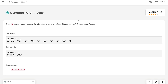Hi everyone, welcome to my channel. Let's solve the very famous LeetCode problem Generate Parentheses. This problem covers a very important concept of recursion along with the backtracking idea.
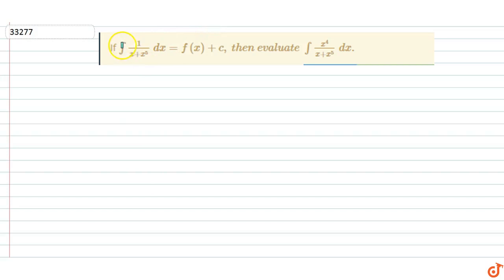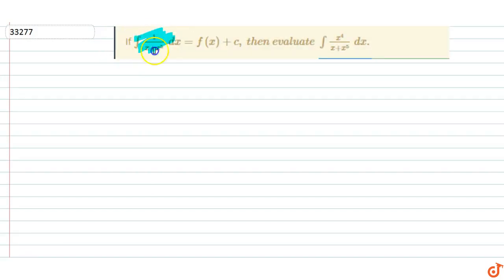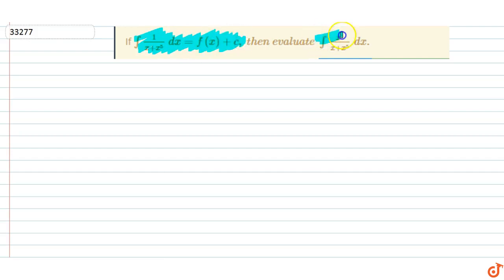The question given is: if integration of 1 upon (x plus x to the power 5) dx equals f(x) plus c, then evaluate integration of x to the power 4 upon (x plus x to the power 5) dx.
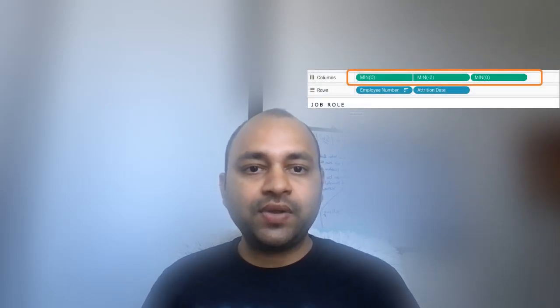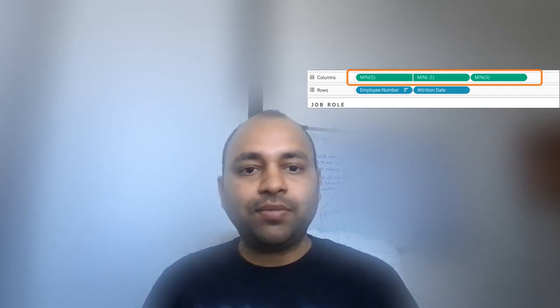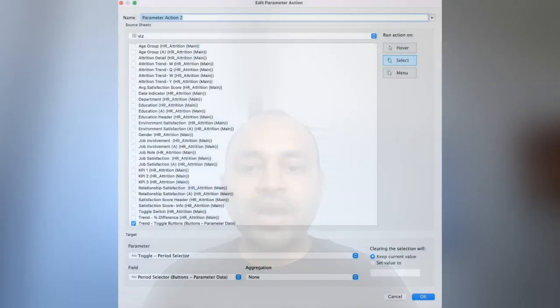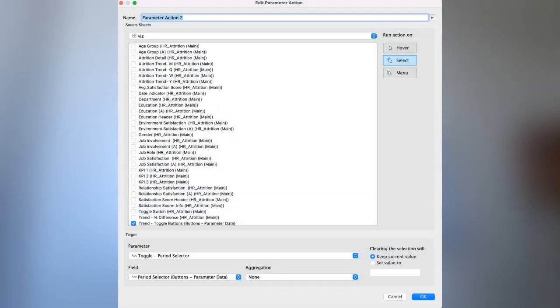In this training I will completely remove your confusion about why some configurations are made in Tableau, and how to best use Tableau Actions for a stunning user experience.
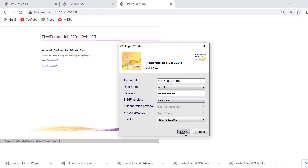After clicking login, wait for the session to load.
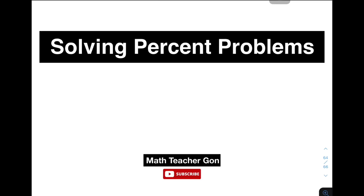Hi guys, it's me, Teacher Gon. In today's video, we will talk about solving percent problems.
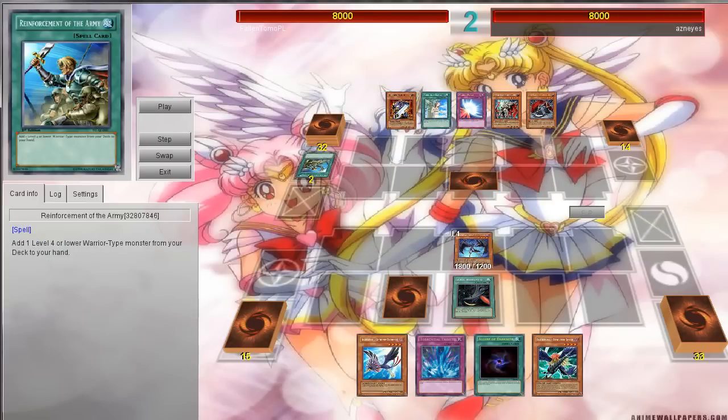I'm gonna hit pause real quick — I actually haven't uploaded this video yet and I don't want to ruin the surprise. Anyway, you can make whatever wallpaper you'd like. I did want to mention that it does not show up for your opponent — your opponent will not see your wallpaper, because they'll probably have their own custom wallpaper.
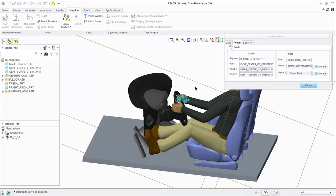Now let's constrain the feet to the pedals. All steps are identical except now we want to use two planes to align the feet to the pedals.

--

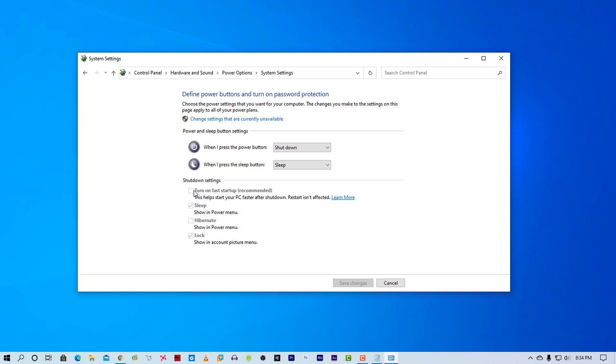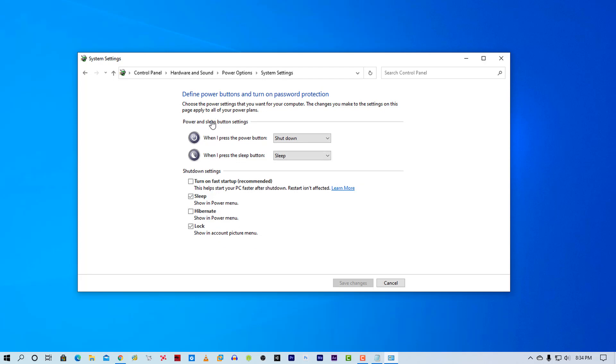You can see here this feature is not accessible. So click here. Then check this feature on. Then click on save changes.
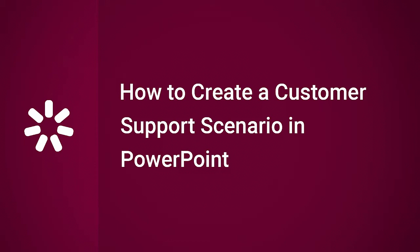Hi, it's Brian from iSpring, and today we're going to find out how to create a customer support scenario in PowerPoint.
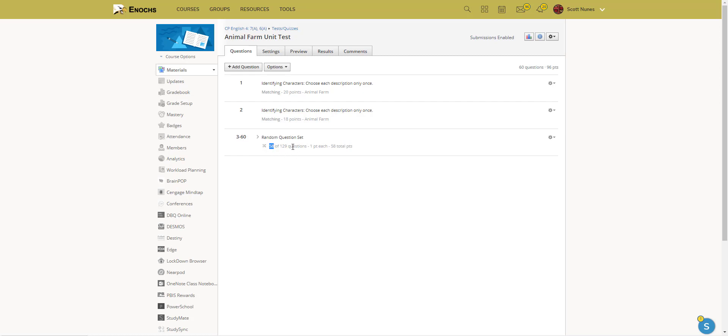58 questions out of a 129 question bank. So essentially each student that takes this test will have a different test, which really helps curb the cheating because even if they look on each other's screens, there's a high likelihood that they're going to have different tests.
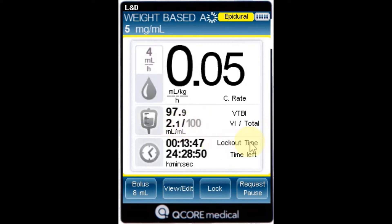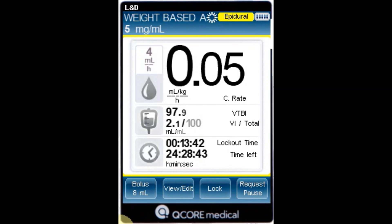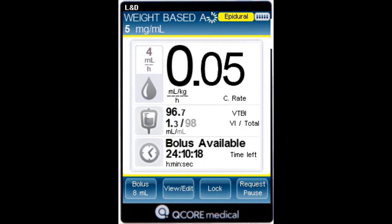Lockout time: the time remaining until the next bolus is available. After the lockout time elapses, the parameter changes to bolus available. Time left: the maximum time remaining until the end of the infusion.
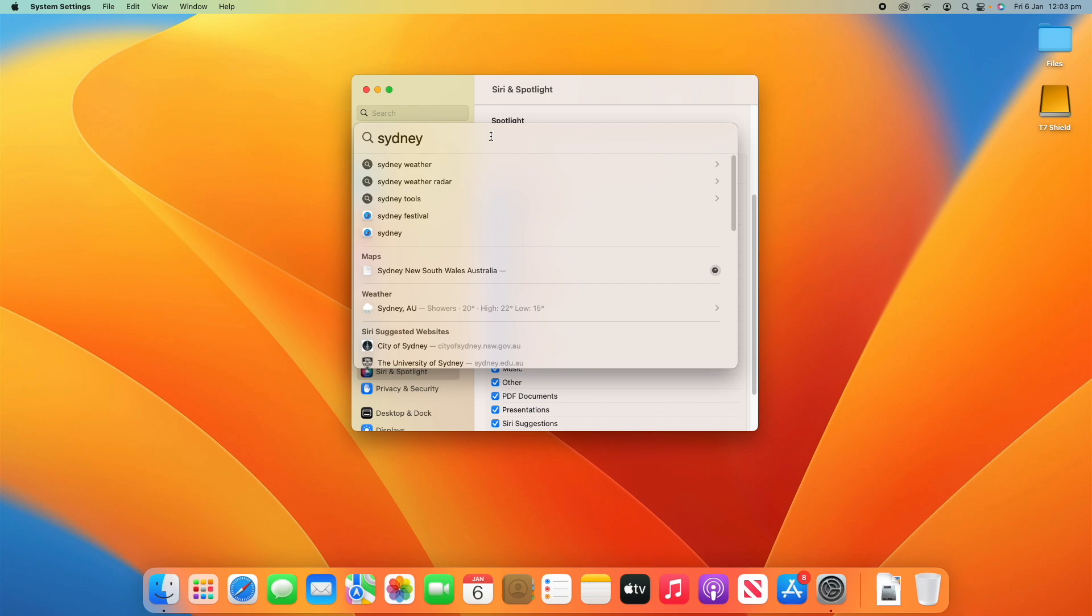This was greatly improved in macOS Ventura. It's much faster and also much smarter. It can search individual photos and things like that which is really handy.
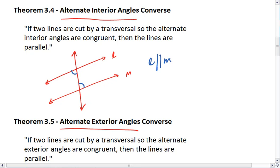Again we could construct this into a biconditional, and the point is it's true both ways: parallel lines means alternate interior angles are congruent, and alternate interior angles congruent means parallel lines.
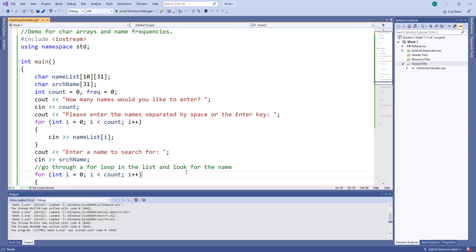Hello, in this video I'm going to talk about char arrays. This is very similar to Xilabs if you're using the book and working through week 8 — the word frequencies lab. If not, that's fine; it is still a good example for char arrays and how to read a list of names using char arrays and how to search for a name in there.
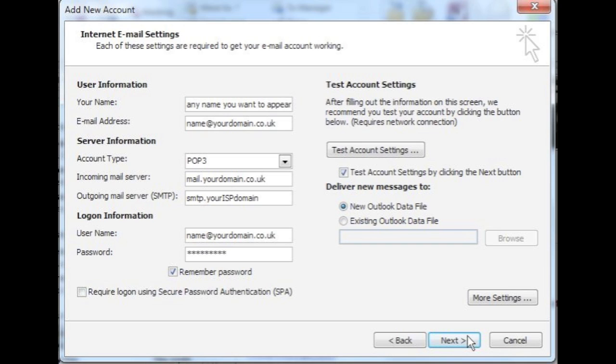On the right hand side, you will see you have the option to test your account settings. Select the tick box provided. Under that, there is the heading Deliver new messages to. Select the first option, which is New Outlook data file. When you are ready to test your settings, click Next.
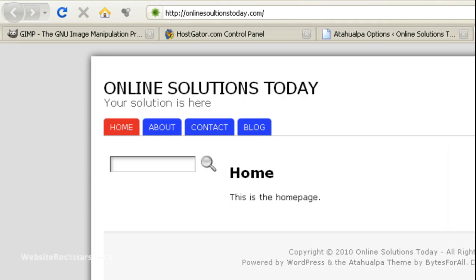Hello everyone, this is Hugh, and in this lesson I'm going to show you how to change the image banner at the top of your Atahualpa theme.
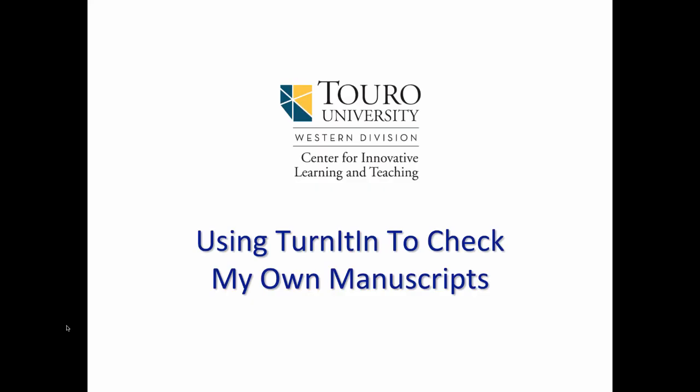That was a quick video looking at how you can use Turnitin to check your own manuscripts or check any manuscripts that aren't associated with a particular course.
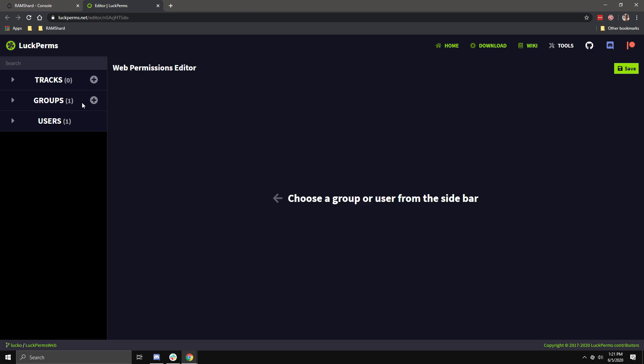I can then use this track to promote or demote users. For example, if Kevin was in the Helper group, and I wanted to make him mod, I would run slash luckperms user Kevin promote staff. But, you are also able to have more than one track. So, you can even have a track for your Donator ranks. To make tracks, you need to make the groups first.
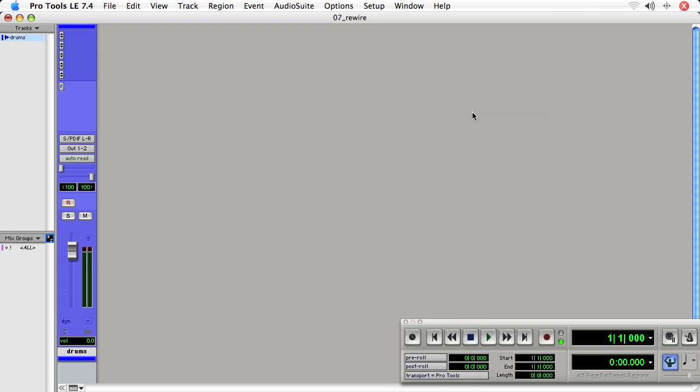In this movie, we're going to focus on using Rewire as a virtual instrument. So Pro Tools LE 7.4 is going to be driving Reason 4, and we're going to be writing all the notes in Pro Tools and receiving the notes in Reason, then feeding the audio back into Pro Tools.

### Try it:
What is needed is an exact copy of the lines above, from the one holding "Hi everyone, welcome" down to the one holding "In this training", with those two included and the pictures left out.

### Task output:
Hi everyone, welcome to my channel. Let's solve the very famous LeetCode problem Generate Parentheses. This problem covers a very important concept of recursion along with the backtracking idea.
The question given is: if integration of 1 upon (x plus x to the power 5) dx equals f(x) plus c, then evaluate integration of x to the power 4 upon (x plus x to the power 5) dx.
In this training I will completely remove your confusion about why some configurations are made in Tableau, and how to best use Tableau Actions for a stunning user experience.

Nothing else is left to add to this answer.